I eventually cracked and went out anyway. I had stuff to do, so I resolved to defy my brain and had a toddle around Yarner. Which was nice and quiet. A few bands here and there, most birds around the feeders; Marsh Tits, Siskin, and Chaffs were the only things I saw that haven't been on my feeders [ :) ] too, but the day was saved by a passage of Redwing, with a couple of Fieldfare. They were going west, too. [Always nice to see migrants going the right way]. They were my first winter thrushes of the Autumn, and very nice too. Also a few finches [assorted] moving.

I'm typing nice too much. Must be the painkillers.


[[*Like many far better birders, I have no time for all this 'daurian' nonsense. Yes, the split is right, but the latin name is perfectly acceptable; they've split Turkestan off, not disproved the existence of Isabelline.]]

12 October, 2015


Or, 'Every Silver Lining Has A Cloud'

In this case, a wonnnnderful roast dinner at the Folks [it doesn't get much better than roast pork with crackling.. ::Drool::] seems to have had the unfortunate side effect of me coming down with the lurgy. I blame Sister, who was also there. [Did I mention the crumble, too?]

EDIT: Apparently, Sister is innocent, and has herself now come down with said Plague. The Folks claim they are unaffected by any plague, and so a) they can't be the vectors, and b) can I please stay away so they don't get it too.

Anyways, now that I am duly struck down wit' t' plague, I'm in posting and not out birding.

I did get out over the weekend, despite the evident onset, because, well. Because.

So off I headed to the Nose both mornings, to find bugger all on land due to the wind. I mean, it's the second week of October, and I had 2 warblers total each day! 2 Blackcaps Saturday and a Blackcap and a Chiff yesterday. Sheesh.
Some overhead stuff, but even then nothing really noteworthy in terms of numbers, let alone species.

Sunday I also took the li'l scope along and stared at the sea for half an hour, on account of the misty gunk and brisk NE wind. There were a few Gannets and a light auk passage, but bugger all else. Not even a Kittiwake!

I did see that the Mad Axeman of the Nose has been back;

Almost felled it...

[I suppose wondering about the possibility of an unfortunate yet karmic axident would be wrong, wouldn't it?]

I've also been checking the various sheltered bits of the peninsula for anything stripey, but while the tit bands have formed up, there has been nothing sexier than the odd Goldcrest or Nuthatch with them.

At least, until Sunday afternoon, when I was checking the evergreen oaks* by the Battery on IMD and came across a band of at least 3 Goldcrests accompanied by the Autumn's first Patch Firecrest!

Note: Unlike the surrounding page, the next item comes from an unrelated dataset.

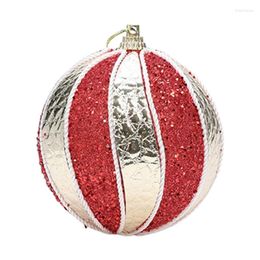 Party Decoration Stripe Christmas Ball Colourful Tree Hangable Ornaments For Holiday Wedding Home Background B03D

They were in 'last feed of the day' mode and very mobile, this not helped by a party of chatty walkers who came by. I always appreciate interested civilians, but the smile can be a bit strained when you're just about to actually get a [maybe even good] view and then you have to take your eyes off and...

In other news, the Greenfinches are hammering my sunflower feeders, abetted by the Coal Tits. I haven't caught anything else on them, but that's not to say other birds haven't been around [the pace of munching does imply that the GSW may still be snarfing away].
Cunning use of fishing line stretched over my bird bucket has at least stopped the winged rats pigeons from flipping the pond weed therein right over when they take their baths, and brought daily spillage down from 3" to less than 2cm.
With colder weather now arriving and the prospect of Nuthatches and woodies, I have scrubbed the nut feeder [with the fancy cleany stuff and everything] and am going to try some peanuts [gasp!].

Right, time for some more honey and lemon tea...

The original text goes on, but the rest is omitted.